Sarah Winters

Sarah Winters

It is said that in any business the most important step, and possibly the hardest, is getting your foot in the door. I consider myself blessed to be “born with my foot in the door.”Being the daughter of Richard Winters, a successful trainer and clinician, has given me many different opportunities throughout the last 19 years that I would otherwise not have had, or even dreamed of experiencing. To have been raised with and around horses, clinics, expos, and other horse trainers has been such a blessing.

Natural-born trainer

Ever since I was a little girl, it never even crossed my mind to be anything but a horse trainer. When I was ten years old, I remember buying my first two-year-old colt for $400 with the big idea of training him and selling him for the “big bucks.” Well, I got him started and sold him at an auction for $1,200. I wasn’t rich, but it was a start. A year later, I enjoyed a little more success. I bought an unbroke quarter pony for $300 and sold it for $12,000!

When I was 11, my dad got bucked off a colt and broke his collarbone. My parents decided to pull me out of school and put me on independent studies for the rest of the year, enabling me to ride the fifteen horses my dad had in training. We were quite a sight that winter as I tried to get around a bunch of broncy colts while my dad sat in his truck, with the heater on, telling me what to do.

Young clinician

When I was seventeen, one of my dad’s clients called and asked to speak with me.

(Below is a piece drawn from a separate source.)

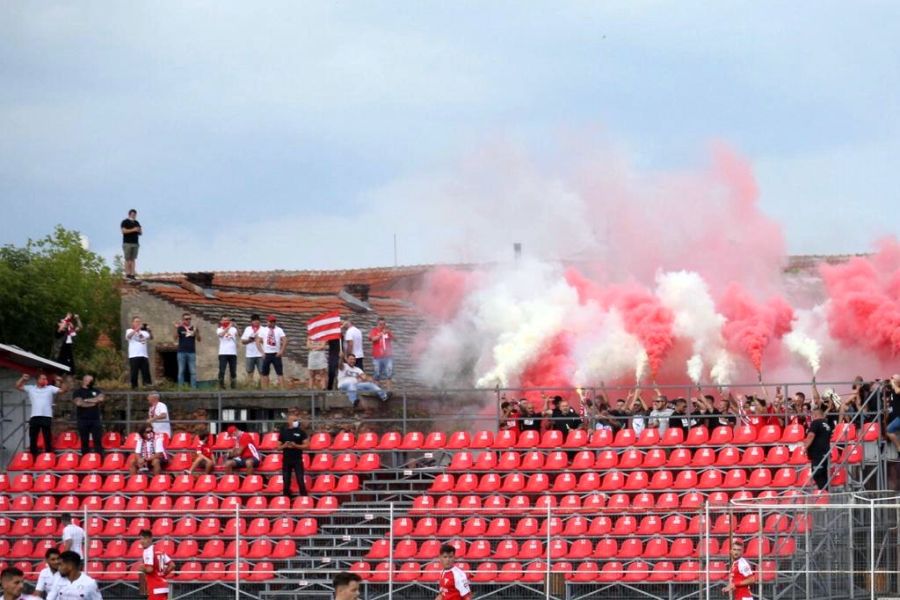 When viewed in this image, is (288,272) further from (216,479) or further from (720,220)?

They wanted to know if I would be interested in flying to San Francisco to teach a horsemanship clinic. I remember being scared to death! My dad has the special talent of “communication.” At a clinic he is able to take twenty different horses and riders at twenty varied levels, throw them all together, and still make sure that everyone is safe, learning, and being appropriately challenged. There are a lot of great horsemen out there, but there are only a handful of good horsemen who are also great teachers. My dad is definitely one of them. But for me, to go out and conduct a clinic without him was terrifying to me. I would have to think about how I would organize it, what my first words would be, and how I would make everything flow together. I could not become too distracted with any one person and forget about the others. And, what if someone had a problem that I couldn’t handle? The whole process was a little intimidating for a seventeen year old girl. Now, I can report that I made it through my first horsemanship clinic unscathed, and they even wanted to schedule another!

Show ring successes in 2008

Last year was an amazing year for me. I stepped up to compete in Open Division, after having earned two world championships in the Youth Division of the National Reined Cow Horse Association in the past. I was fortunate enough to enjoy success showing in both bridle spectaculars and derbies. But by far the biggest highlight of the year was showing at the World Championship Snaffle Bit Futurity. It was my first year to train and show a three-year-old, and we ended up winning the Reserve Championship in the Limited Open and placing as a Top Ten finalist in the Intermediate Open Division. I was very blessed to be able to ride such a nice horse at such a world class event.

She never stops learning

Even though I have been enjoying some success in the show ring, I realize that I have a lot further to go. With my parents support, I have been “venturing from the nest” over the last couple of years. I started off serving a two-month internship with World Champion Non Pro rider JoAnne Carollo. I went on to work for Sandy Collier. She is the only woman to have ever won the Snaffle Bit Futurity. I enjoyed seven months there and learned a tremendous amount.

In February of 2008, I went back home to help my dad out with his busy clinic season, and to prepare for the 2008 Futurity. I am currently working for Jon Roeser, who is one of the few members of the elite “million-dollar rider” club.

Many people are starting to ask, “Sarah, when are you going to go out on your own?” My response is always, “When I get a lot better!” Although I have enjoyed success in the last few years, I realize that I have so much further to go. I would be very naive to think that I have arrived and know it all. Great horsemen would all agree that you never stop learning. As soon as you think you know it all, the horse has a special way of humbling you!